To be fair, The Monkey does have its moments. (I still think about those wasps from time to time.) But overall, it left me feeling disappointed, and worse, lied to. I was expecting big, impressive death contraptions on the scale of Final Destination. What I got instead felt like a pale imitation.

Theo James stares through a cracked car windshield in The Monkey

Image: Neon

There’s still plenty to enjoy in The Monkey. The cast is great — James does an impressive job playing a twins with wildly contrasting personalities, tatiana maslany makes the most of her very limited screentime, and there’s even a funny cameo from Oz Perkins himself — the soundtrack is eclectic and well-selected, and the toy monkey prop is downright terrifying to look at.

If I hadn’t gone into theaters last year with sky-high expectations, I probably would have enjoyed it a lot more.
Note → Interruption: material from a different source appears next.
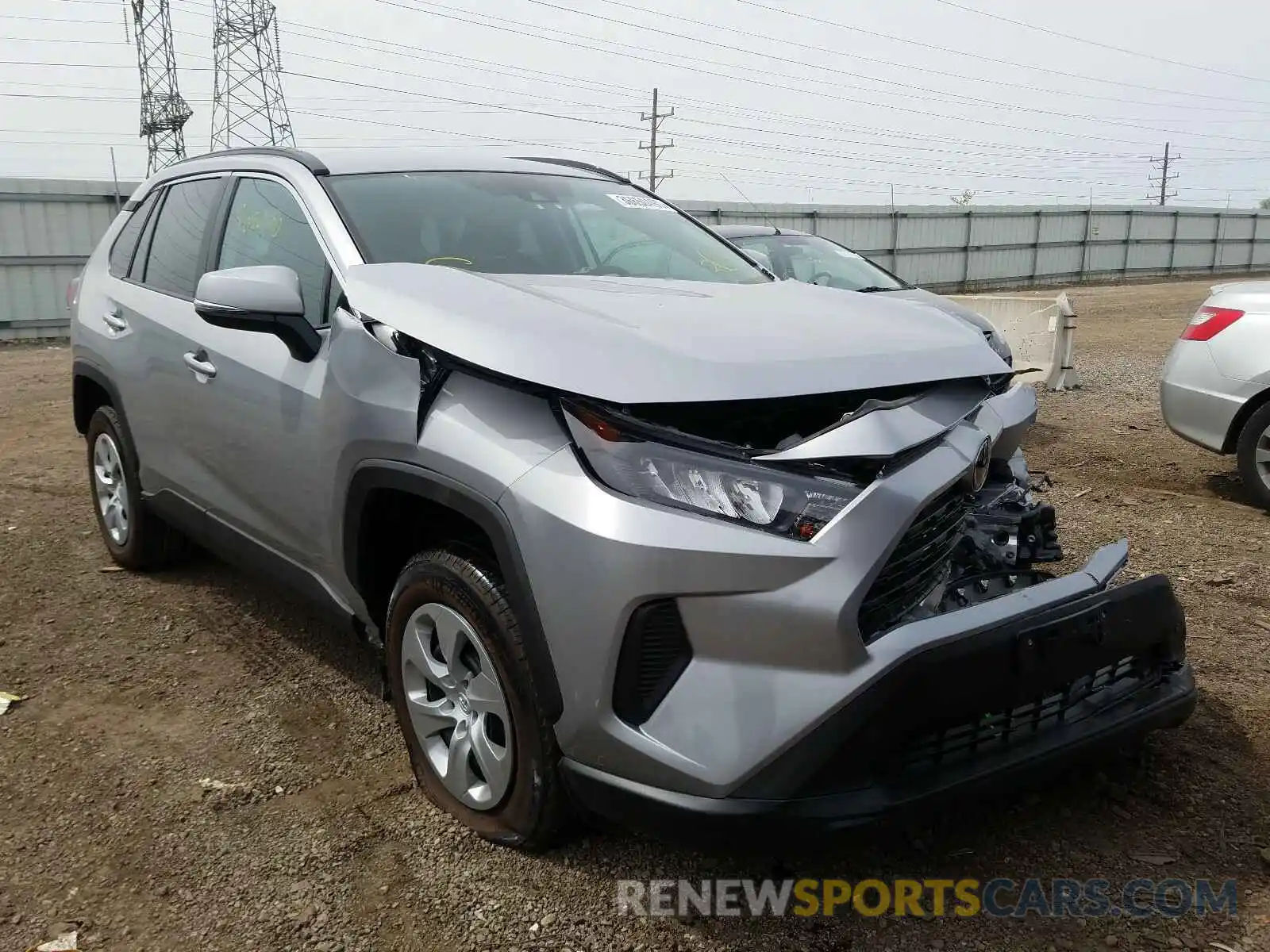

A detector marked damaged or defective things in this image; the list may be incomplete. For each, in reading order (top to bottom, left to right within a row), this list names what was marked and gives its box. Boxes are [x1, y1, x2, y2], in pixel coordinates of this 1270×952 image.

crumpled hood [343, 265, 1006, 406]
broken front bumper [561, 543, 1194, 832]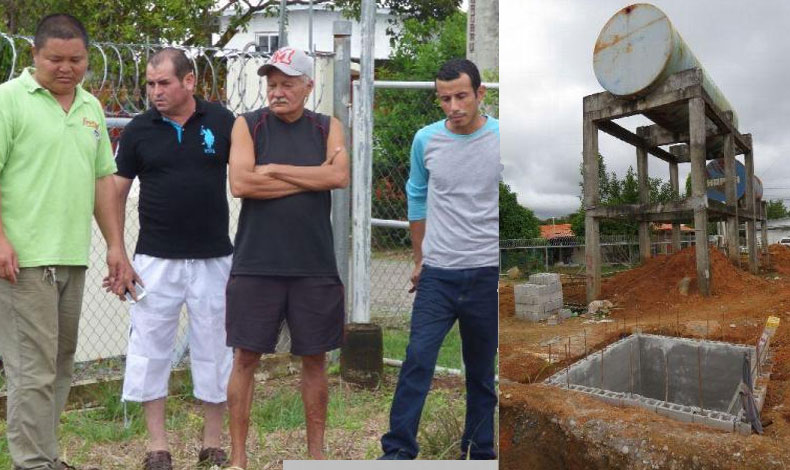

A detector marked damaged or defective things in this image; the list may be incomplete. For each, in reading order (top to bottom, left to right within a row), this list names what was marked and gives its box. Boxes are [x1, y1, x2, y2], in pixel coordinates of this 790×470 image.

rusty metal tank [596, 3, 740, 130]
So hopefully, this article serves to lower the bar for anyone curious about watching The Monkey now that it’s on Hulu. With all that viral marketing and hype a distant memory, there’s a chance to judge this movie on its own merits. I still wouldn’t expect much more than a middling Final Destination knockoff with light Stephen King vibes, but if that description isn’t a turnoff, you might just enjoy your time with this weird little horror movie.